Section 5, Reading and Signature:

A court reporter should not ask or inquire about reading and signing. It is presumed to be not waived unless:

  • the parties otherwise agree in writing;
  • the parties waive reading and signature by the witness on the record at the deposition.
  • The witness refuses to read and sign the transcript.

Furthermore, the court reporter is required to use a certificate as specified by §42.53(6). 

§42.53 (7) and (8) (g) Responsible party and Costs.

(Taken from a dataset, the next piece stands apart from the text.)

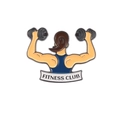 Pin's en émail Fitness Club avec femme soulevant des haltères et gilet bleu - Femme Soulevant Haltères Vue de Dos (xz5630)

One significant peculiarity of IPRs relates to the party responsible for the fees associated with the taking of deposition testimony.  According to Rule 42.53 (7) and (8) (g), “Except where parties agree otherwise, the proponent of the testimony must arrange for providing a copy of the transcript to all other parties.”  In addition, “The proponent of the direct testimony shall bear all costs associated with the testimony, including the reasonable costs associated with making the witness available for the cross- examination.”

The net effect of this rule is to require the proponent of the testimony to deliver a copy of the transcript to other parties and to bear all “reasonable” associated costs.  The next question, of course, is what constitutes “reasonable” costs.  It has been our experience that the proponent of the testimony deems as reasonable only that the deposition transcript be delivered on regular terms, and that any “premium” services resulting in additional costs, such as immediate rough drafts, realtime — whether local or remote– video, video streaming, or expedited delivery, are the responsibility of the party requesting same.

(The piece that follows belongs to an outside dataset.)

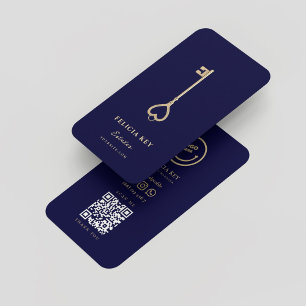 Carte De Visite Agent immobilier moderne Réaltor Midnight Blue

To avoid any confusion or conflicts about what constitutes “reasonable” costs and who is to receive and be billed for the original and copies of the transcript, be certain to provide clear guidance and instructions to the court reporting agency in advance of the proceeding, conference call or deposition, as to the responsible billing party or billing agreements made between the parties to which the court reporting agency may not be privy.